▶ _Data for review_:

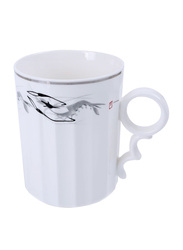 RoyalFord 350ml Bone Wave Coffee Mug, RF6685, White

* * *

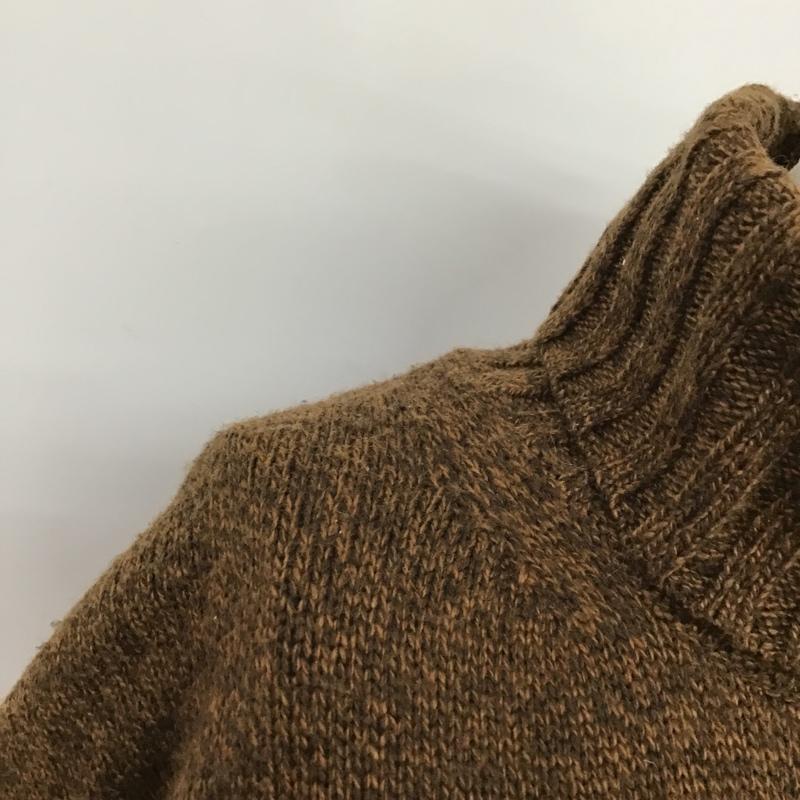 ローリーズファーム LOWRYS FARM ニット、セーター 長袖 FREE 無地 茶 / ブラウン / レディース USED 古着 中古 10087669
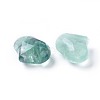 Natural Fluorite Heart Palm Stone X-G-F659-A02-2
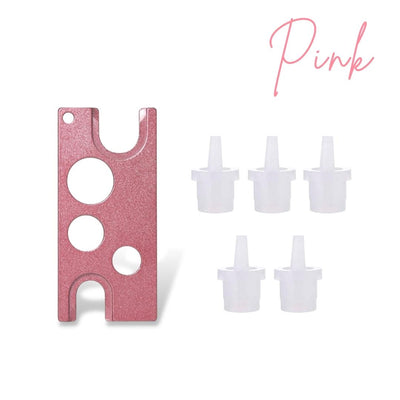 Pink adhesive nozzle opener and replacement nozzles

▶ _What is being asked_: Using the data above, retype exactly the lines from the line with "Natural Fluorite Heart" to the line with "Pink adhesive nozzle", inclusive. No pictures and nothing else.

▶ _Answer section_:
 Natural Fluorite Heart Palm Stone X-G-F659-A02-2
 Pink adhesive nozzle opener and replacement nozzles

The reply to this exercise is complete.